Structural genomics, represented in the United States by the NIH NIGMS PSI (http://www.nigms.nih.gov/Initiatives/PSI
), has pioneered a novel approach to structural biology that is highly complementary to strategies pursued in individual structural biology labs. Instead of focusing on individual proteins, US structural genomics and, specifically, the four large-scale production centers of the PSI have focused their attention on substantially increasing structural coverage of protein space. DUF families have then become natural targets as such families cover a significant fraction of the unexplored protein universe. In contrast, “classical” structural biology efforts are mainly focused on well-characterized systems, leaving the majority of protein families outside of their sphere of interest, including, by default, almost all DUF families.

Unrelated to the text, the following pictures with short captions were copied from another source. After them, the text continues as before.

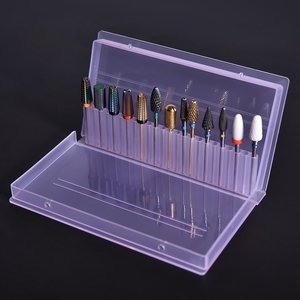 4 Socket Nail <b>Drill</b> <b>Bit</b> Storage <b>Box</b> Plastic Manicure Efile <b>Bit</b> Display Organizer Case Large Capacity Nail Tool Holder for Salon - Product Image 5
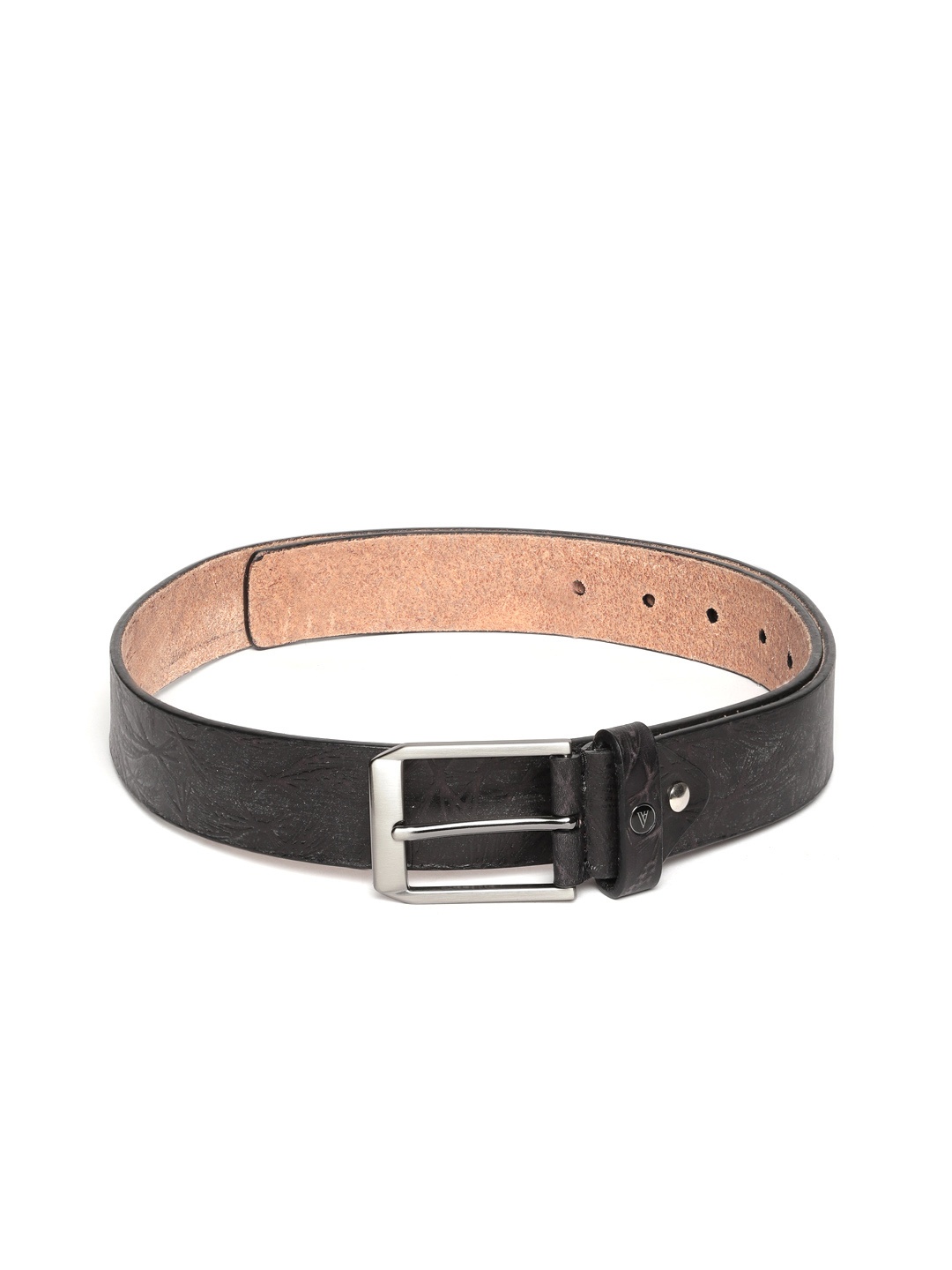 

Van Heusen Men Black Textured Leather Belt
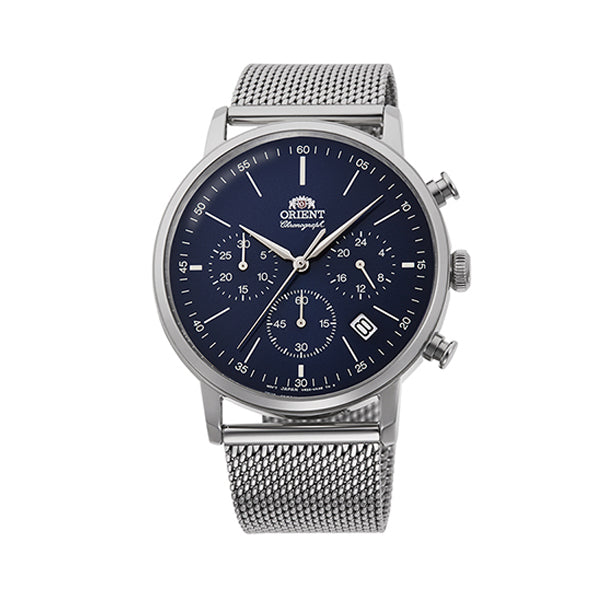 Orient Classic Silver Mesh Bracelet Blue Dial Quartz Watch for Gents - RA-KV0401L10B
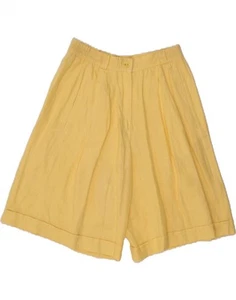 VINTAGE Womens High Waist Casual Shorts UK 16 Large W30 Yellow Linen AN03 - Picture 1 of 3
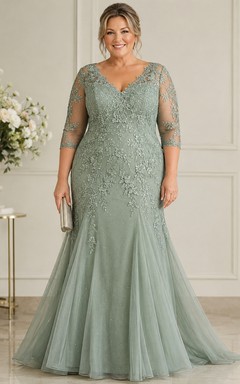 Plus Size Mermaid V-Neck 3/4 Length Sleeve Lace Mother Dress with Lace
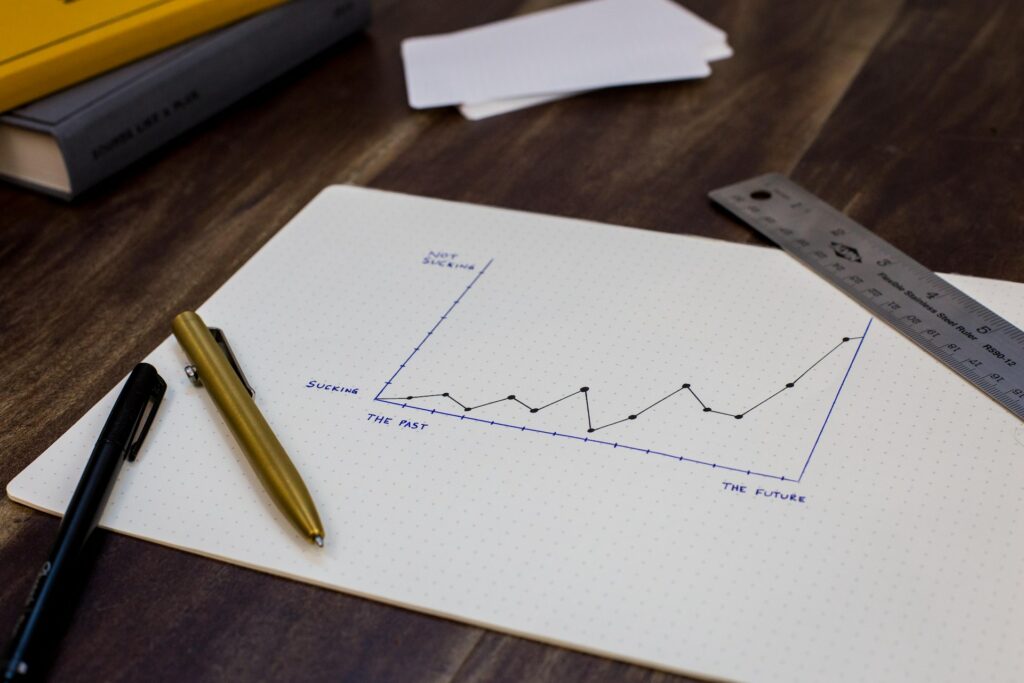 Um gráfico de linhas desenhado em papel mostrando o crescimento do TikTok. 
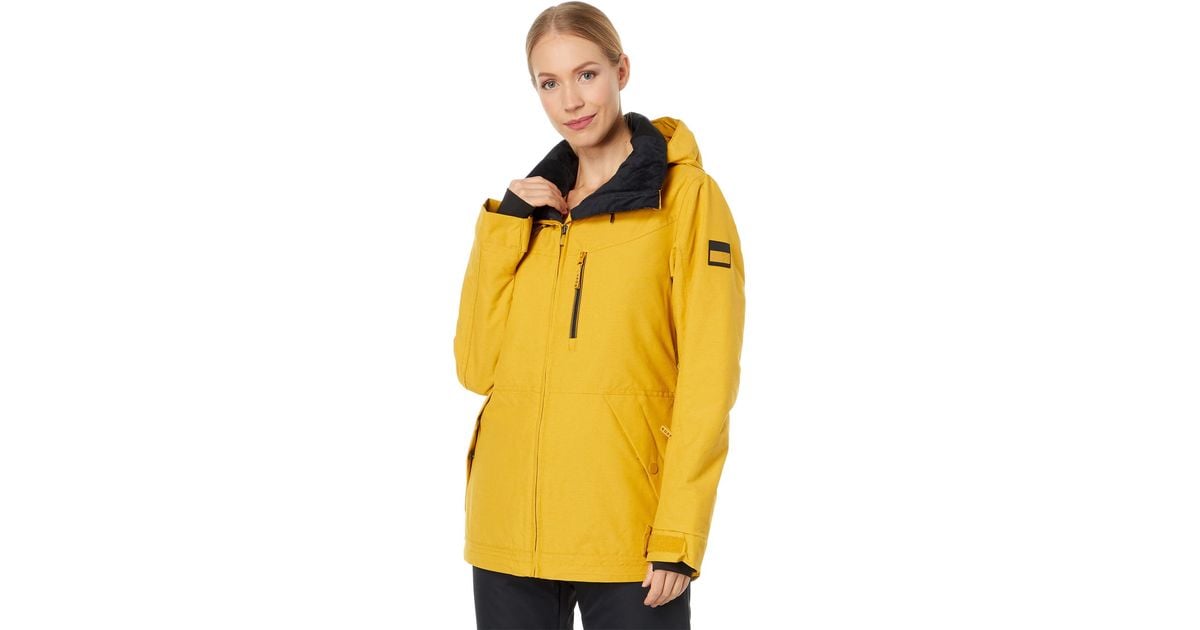 Roxy Presence Parka Jacket in Yellow Lyst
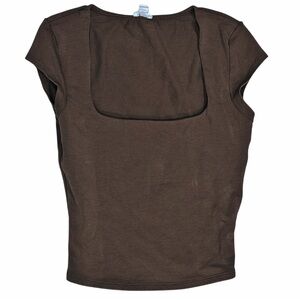 Garage Brown Scoop Neck Fitted Top XS Y2K Minimal Basic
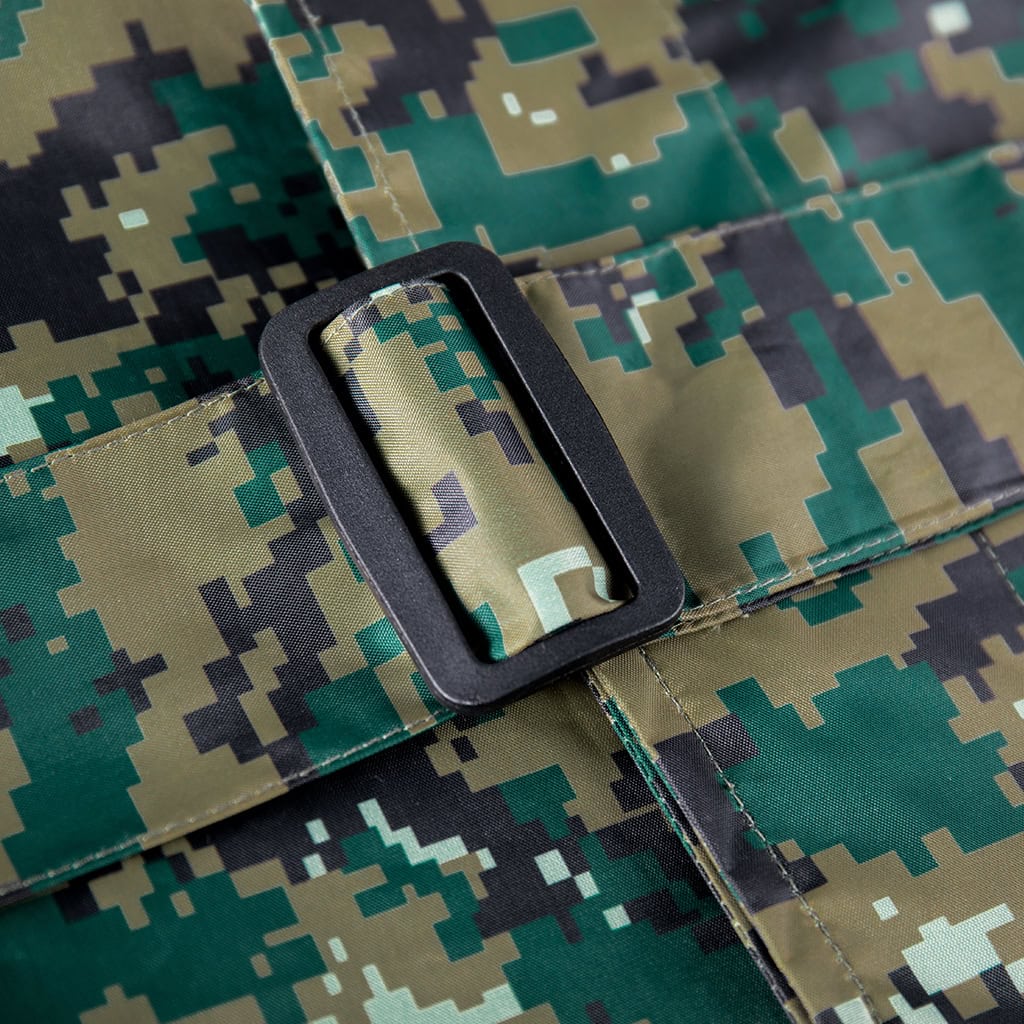 Detail of the adjustable waist belt and buckle on the custom jungle digital long raincoat.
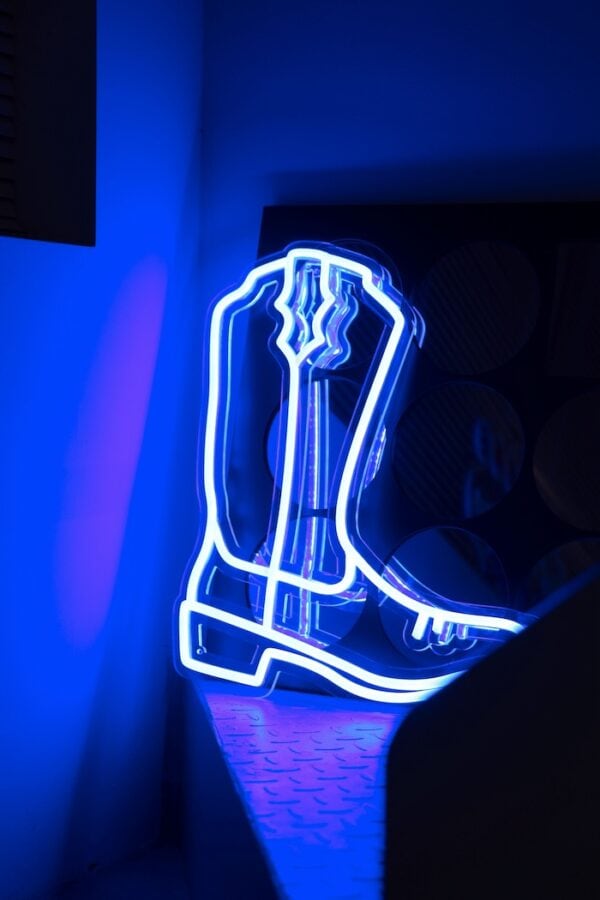cowboy boot blue neon sign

Here, we investigate structures of representatives of DUF families determined by the PSI as a means to gain insights into the yet unexplored regions of protein space. While not perhaps as statistically rigorous a sampling as will eventually be possible, the substantial size of the sample (~250 protein families) offers a rare opportunity to make some general observations and conclusions and enables predictions to be made about the trends and features of the uncharted regions of the protein universe. In particular, we are now able to determine the distribution of the folds in these families and deduce the evolutionary relationships of many DUF families to previously characterized families. For many of these families, determination of their three-dimensional structures offers the first hypotheses about their function and represents a powerful approach to initiate and promote studies for experimental verification of the biological function of these unexplored and underappreciated regions of the protein universe.